If we push a bad deploy at 2 AM, by 2:06 AM the site is back on yesterday's working code. We sleep. Nobody on a customer team gets a Monday morning surprise.

Version 1 — the obvious version that would have broken us

First pass was the version every tutorial shows you. Health check fails, roll back. Done.

Then I sat with it for an hour and thought through what actually happens during a third-party outage.

Stripe has an outage. They do — they had one in March 2026. Our /api/health endpoint checks Stripe as part of its routine. During the outage, our health check returns 503. Auto-rollback fires. We roll back to yesterday's deployment.

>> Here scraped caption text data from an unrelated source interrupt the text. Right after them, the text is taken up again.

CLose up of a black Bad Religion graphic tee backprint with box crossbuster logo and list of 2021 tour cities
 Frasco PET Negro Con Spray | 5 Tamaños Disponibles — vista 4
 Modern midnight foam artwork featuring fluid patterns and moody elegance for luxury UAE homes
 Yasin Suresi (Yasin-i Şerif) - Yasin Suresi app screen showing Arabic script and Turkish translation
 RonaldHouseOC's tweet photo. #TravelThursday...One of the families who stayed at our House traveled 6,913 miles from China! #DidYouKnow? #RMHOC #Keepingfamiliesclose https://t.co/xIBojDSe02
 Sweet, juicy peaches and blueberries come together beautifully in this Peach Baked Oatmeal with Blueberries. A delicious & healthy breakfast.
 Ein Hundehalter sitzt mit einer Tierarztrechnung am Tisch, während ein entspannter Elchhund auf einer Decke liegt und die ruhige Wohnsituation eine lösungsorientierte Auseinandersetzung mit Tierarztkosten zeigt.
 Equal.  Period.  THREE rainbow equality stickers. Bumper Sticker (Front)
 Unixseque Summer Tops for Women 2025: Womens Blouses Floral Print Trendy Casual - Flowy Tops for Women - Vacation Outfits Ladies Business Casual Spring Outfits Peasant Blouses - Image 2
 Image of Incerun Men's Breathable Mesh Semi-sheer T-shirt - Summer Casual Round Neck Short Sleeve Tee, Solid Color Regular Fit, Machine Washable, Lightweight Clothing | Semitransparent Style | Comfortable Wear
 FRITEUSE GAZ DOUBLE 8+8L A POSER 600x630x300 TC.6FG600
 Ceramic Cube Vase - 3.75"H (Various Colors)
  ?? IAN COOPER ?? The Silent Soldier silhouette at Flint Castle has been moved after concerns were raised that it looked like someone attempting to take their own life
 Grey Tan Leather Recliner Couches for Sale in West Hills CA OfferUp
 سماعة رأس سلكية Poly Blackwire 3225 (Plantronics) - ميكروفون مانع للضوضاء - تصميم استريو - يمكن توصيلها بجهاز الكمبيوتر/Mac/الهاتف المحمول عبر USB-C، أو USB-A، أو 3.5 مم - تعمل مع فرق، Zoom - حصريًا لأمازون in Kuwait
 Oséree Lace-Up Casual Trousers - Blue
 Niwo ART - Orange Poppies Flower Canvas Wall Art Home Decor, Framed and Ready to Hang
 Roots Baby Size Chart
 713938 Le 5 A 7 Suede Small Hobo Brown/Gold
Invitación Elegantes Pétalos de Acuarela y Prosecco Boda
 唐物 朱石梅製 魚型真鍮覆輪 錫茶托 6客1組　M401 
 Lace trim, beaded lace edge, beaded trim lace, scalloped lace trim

But yesterday's deployment also calls Stripe. It's also broken. We've just deployed an old, untested version of our app on top of a new one — for a problem the rollback can't fix. When Stripe eventually recovers, we're now running stale code we never intended to ship. And we have no automated way to roll forward.

This is the third-party dependency chain problem every SaaS has had to learn the hard way since the 2025 AWS and Cloudflare outages. Auto-rollback that doesn't know the difference between our bug and the internet's bug makes outages worse, not better.

Version 2 — three-layer confirmation

Second version added confirmation. Don't roll back on the first 503. Wait 5 minutes, check again. Wait one more minute, check a third time. Only roll back if all three checks fail.

This cut the false alarms from transient blips. But the actual problem stayed. A sustained Stripe outage of 7+ minutes still triggers all three checks and still rolls back to yesterday's equally-broken code.

The misfire was rarer, not gone.

Version 3 — shallow versus deep

The fix wasn't more retries. It was splitting health checks into two separate things.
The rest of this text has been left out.